It’s all about the right price
FIGURES supplied by The Knowledge Factory’s SA Property Transfer Guide (SAPTG) are clearly indicative that the top-fairing areas with the highest number of sales from January this year up until the end of October are mainly those with properties for sale under the R600000 mark. This clearly reflects the current buyer’s search for value.

In the top 10 list nationwide, fairly predictably, Cape Town central was ranked first, selling a whopping 1767 properties at an average price of R505223. Parklands in the Western Cape came second — selling 1693 properties in the area at an average price of R508098. With 1171 properties having been sold, the Pretoria area of Sunnyside was third, with the average sale amounting to R182695. Protea Glen in Gauteng was fourth, with 999 properties being sold at a low average of R79041 and in a close fifth place, KwaZulu-Natal’s area of Bulwer sold 989 properties at an average of R406922 each.

In an interesting comparison with value as the measurement tool as opposed to number of sales, out of all the suburbs and towns served by the Homenet estate agency group, Struisbaai near Hermanus in the Western Cape has been ranked as the top performer for this year, having shown the highest increase in average home price.

The group’s analysis of sales shows that this popular coastal centre experienced a whopping 150% increase in average home prices this year to R500000.

Next on the list are Jeffreys Bay, near Port Elizabeth, where the average home price achieved jumped 108% to R700000, and Brackenfell in Cape Town, where the average price rose 107% to R900000.

In the SAPTG list only two areas with the average property selling price over R600000 were featured.

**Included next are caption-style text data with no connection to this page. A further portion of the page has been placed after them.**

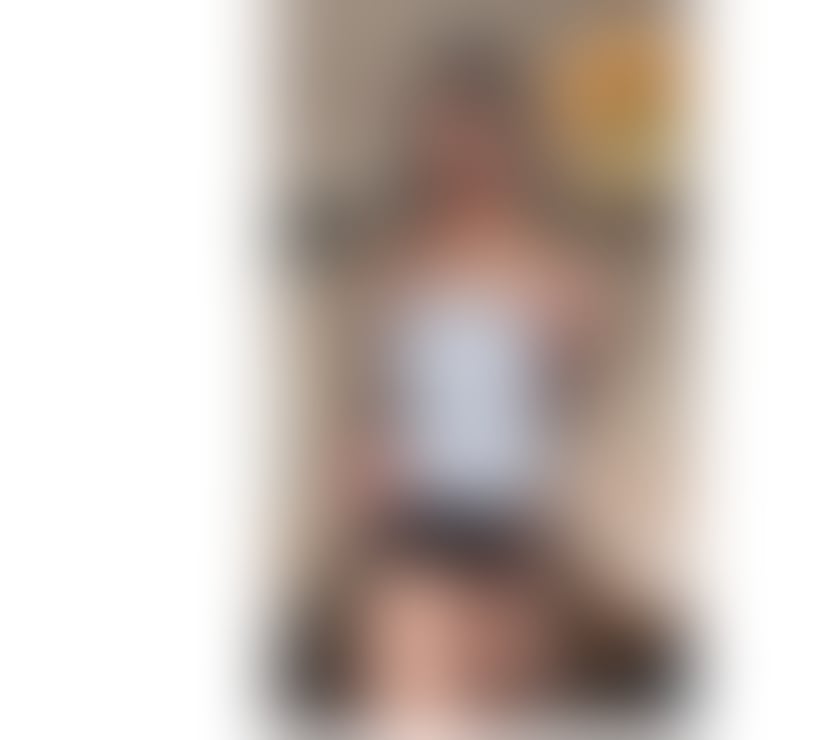 Escorts South Yorkshire Sheffield - Photos for ❤️SEXY LUA BEST OWO🔥FUN ALL NIGHT❤️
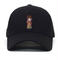 【CHAOSMARKET】SD玲音キャップ-BLACK-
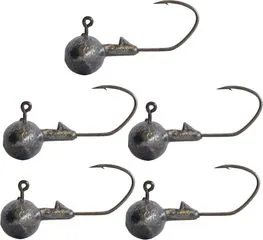 Predax MSF Jig Head 10g 1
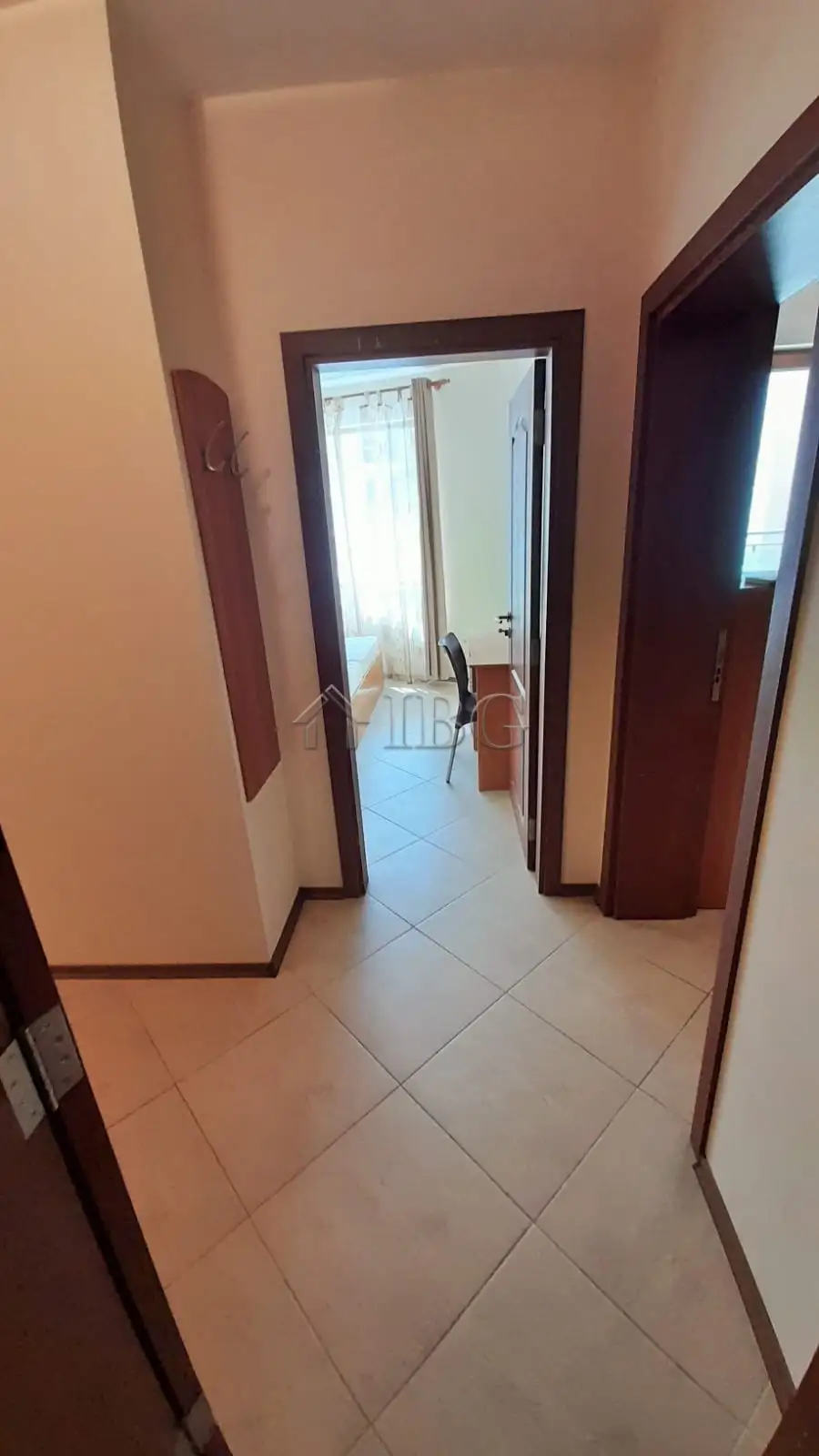 Flat 90m² in Bulgaria, Sunny Beach. Priced at 77000€ rent photo-9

These were both areas in Gauteng: namely Morningside, which came in sixth place — selling 887 properties with the average selling price of R1168 613; and Moreleta Park, which came seventh — selling 869 properties with the average sale amounting to R757349. The rapidly growing area of Wilgeheuwel in Roodepoort was ranked eighth, with 811 properties being sold at an average price of R446975. Lenasia South in Johannesburg came in ninth place, selling 784 properties at an average price of R113 981. Lastly, Langebaan in the Western Cape was placed tenth, selling 766 properties at an average price of R387 220.

Homenet further notes that according to their figures, Scottburgh on the KwaZulu-Natal South Coast was ranked fourth, with a 100% value increase to R900000. Fifth place was shared by ever-popular Hermanus and the little Mpumalanga town of Kriel, each with a 92% increase in average price achieved.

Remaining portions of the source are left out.